Multi-Agent Reinforcement Learning and Real-Time Decision-Making in Robotic Soccer for Virtual Environments
Aya Taourirte, Md Sohag Mia
TL;DR
The paper tackles real-time decision-making and multi-granularity coordination in robotic soccer using a unified MARL framework. It combines a PPO-based action scheduler, a hierarchical RL architecture with options for high-level trajectory planning, and a mean-field approach to scale coordination among many agents. In Webots 4v4 NAO soccer simulations, PPO outperforms DQN, HRL enhances strategic play, and Mean-Field Actor-Critic delivers the best overall performance with 5.93 goals, 89.1% ball control, and 92.3% passing accuracy, while offering improved training stability.

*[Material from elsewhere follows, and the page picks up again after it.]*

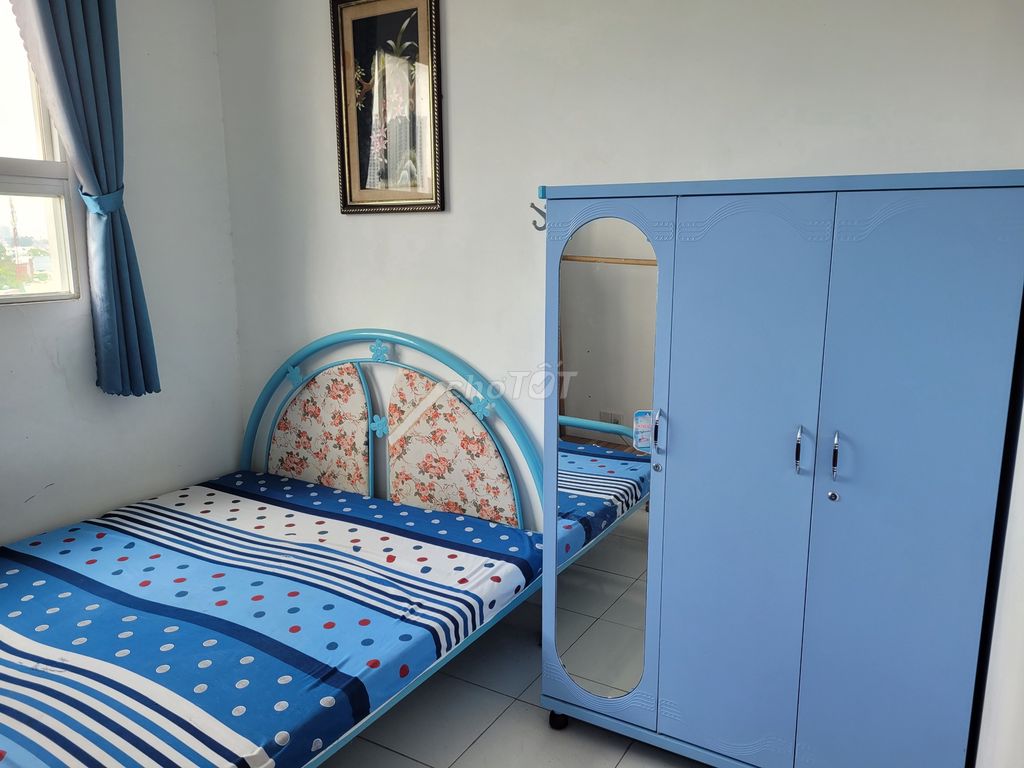 It's the owner who rents the apartment. One bedroom at the bottom of the tsunami bridge.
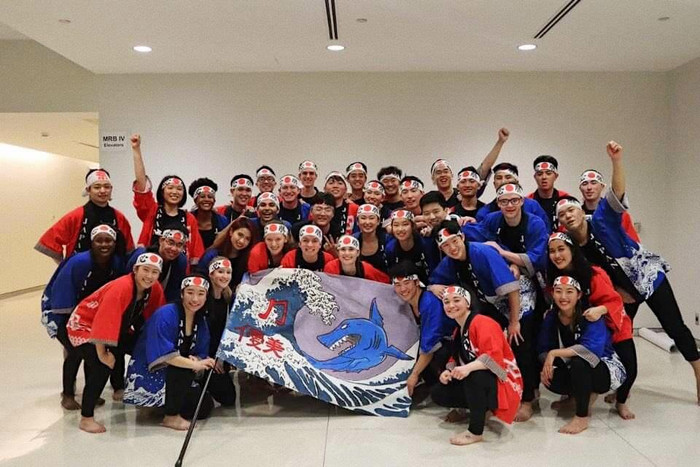 Nhật Minh tham gia biểu diễn điệu nhảy dân gian của Nhật Bản cùng các bạn sinh viên trong trường Đại học Vanderbilt. (Ảnh: Nhân vật cung cấp) Nhật Minh tham gia biểu diễn điệu nhảy dân gian của Nhật Bản cùng các bạn sinh viên trong trường Đại học Vanderbilt. (Ảnh: Nhân vật cung cấp)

The work demonstrates scalable, cooperative multi-agent decision-making with potential applications to autonomous fleets and complex cooperative robotics tasks.
Abstract
The deployment of multi-agent systems in dynamic, adversarial environments like robotic soccer necessitates real-time decision-making, sophisticated cooperation, and scalable algorithms to avoid the curse of dimensionality. While Reinforcement Learning (RL) offers a promising framework, existing methods often struggle with the multi-granularity of tasks (long-term strategy vs. instant actions) and the complexity of large-scale agent interactions. This paper presents a unified Multi-Agent Reinforcement Learning (MARL) framework that addresses these challenges. First, we establish a baseline using Proximal Policy Optimization (PPO) within a client-server architecture for real-time action scheduling, with PPO demonstrating superior performance (4.32 avg. goals, 82.9% ball control). Second, we introduce a Hierarchical RL (HRL) structure based on the options framework to decompose the problem into a high-level trajectory planning layer (modeled as a Semi-Markov Decision Process) and a low-level action execution layer, improving global strategy (avg. goals increased to 5.26). Finally, to ensure scalability, we integrate mean-field theory into the HRL framework, simplifying many-agent interactions into a single agent vs. the population average. Our mean-field actor-critic method achieves a significant performance boost (5.93 avg. goals, 89.1% ball control, 92.3% passing accuracy) and enhanced training stability. Extensive simulations of 4v4 matches in the Webots environment validate our approach, demonstrating its potential for robust, scalable, and cooperative behavior in complex multi-agent domains.